Антонина Сергеевна, его квартирная хозяйка, была единственным человеком, с которым он разговаривал по-человечески. Об этом мне рассказал сам Семеныч много позже. Старуха восьмидесяти четырех лет, согнутая почти до земли, с лицом, собранным в мелкую сетку морщин, и руками, узловатыми от артрита. Она по вечерам стучала в его дверь и молча ставила на стол тарелку с горячим. Иногда — борщ с говяжьей косточкой, иногда — пшенную кашу с тыквой. Никогда не спрашивала, почему от него пахнет водкой. Только смотрела поверх запотевших очков долгим, все понимающим взглядом, и от этого взгляда у Семеныча перехватывало горло. Однажды, когда он после недельного запоя лежал пластом, Антонина Сергеевна заштопала ему рукав на единственной куртке и положила сверху записку: «Ты только совсем не пропадай, Семен. А то кто ж мне таблетку подаст». Он тогда хмыкнул, но записку не выбросил. Потом много раз находил у двери банку с солеными огурцами, завернутые в газету пирожки. Или таблетки, аккуратно разложенные по дням.
И вот теперь ее не стало
На отпевании в Никольском храме Семеныч стоял у гроба, непривычно трезвый, в чужом пиджаке — у Мамеда с плеча. Запах ладана, воска и лампадного масла напомнил детство: мать зажигает свечку, поет «Верую», а он стоит рядом и подпевает.
Когда священник возгласил «Вечная память», Семеныч вздрогнул всем телом. По его щеке медленно покатилась единственная слеза — тихая, почти незаметная. Он зло вытер ее рукавом.
Вернувшись в каморку, попытался пить. Водка не шла — всегдашний друг неожиданно стал противен. Это испугало его сильнее всего.
Тогда он зажег настольную лампу с абажуром из пожелтевшей газеты и достал то самое Евангелие. Долго сидел, не открывая. Потом неуклюже перекрестился — забыл, как правильно складывать пальцы. Его рука снова нашарила крестик на груди, и он прижал его, не снимая, к губам.

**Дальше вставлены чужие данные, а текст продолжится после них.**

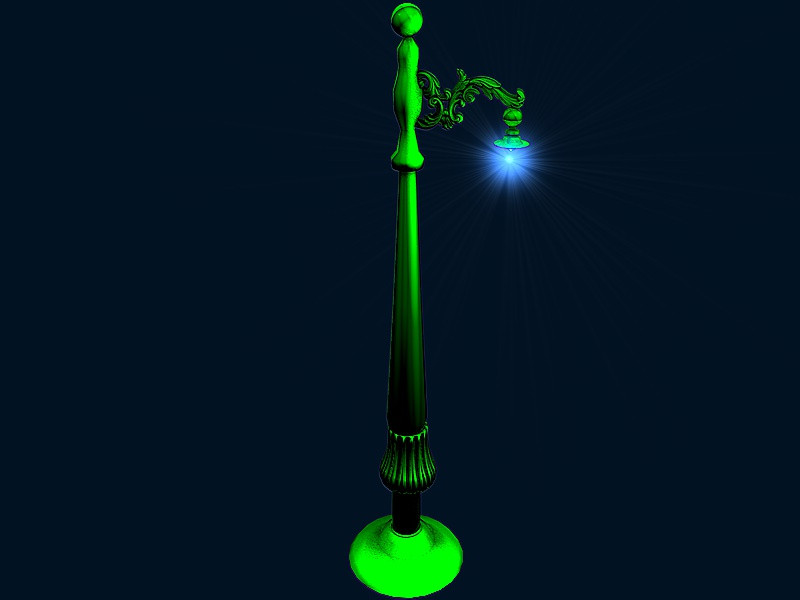 GARDEN LIGHT POST 3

— Господи если Ты есть помоги, — прошептал он.
Открыл наугад. Евангелие от Матфея, глава одиннадцатая. Глаза спотыкались на ять и мелком шрифте, но одно место вдруг остановило его:
«Придите ко Мне все труждающиеся и обремененные, и Я успокою вас».
Семеныч прикрыл глаза. Эти слова упали в него, как камень в стоячую воду. «Труждающиеся обремененные упокою» — это было про него. Про двадцать лет у плавильной печи, про Чечню, про жену Нину, уехавшую навсегда, про сына Пашку. И про Антонину Сергеевну, которая не укоряла его ни разу, хотя имела полное право.
Он читал до третьих петухов. Заснул прямо за столом, уткнувшись головой в раскрытую книгу.
Три следующих дня Семеныч ходил как потерянный. Ахмед, заметив его состояние, молча принес ему яблоко и положил на стол. Семеныч кивнул и впервые за много лет ответил не ругательством, а человеческим словом:
— Спасибо.
Ахмед смутился, но улыбнулся.
Вечером Семеныч зажег свечку перед старой, поставленной на подоконник иконой, и попытался молиться. Своими словами. Не вышло. Он злился, срывался в привычный мат — и тут же осекался. Он пытался вспомнить даже не слова — как вообще начинают говорить с Богом.
— Не умею. Разучился, — бормотал он.
И вдруг вспомнил материнскую молитву: «Богородице, Дево» Читал тонким, срывающимся голосом, как в детстве, и рука сама легла на крестик.
На четвертый день Семеныча накрыло.
Он пошел не домой, а в знакомый гараж к давнему собутыльнику Коляну по кличке Гусь. Там уже «грелись» трое. Семеныч сел, молча налил себе полный стакан, выпил залпом. Сначала над ним собутыльники беззлобно подтрунивали:
— Че-то ты в язвенники-трезвенники записался. Не заходишь.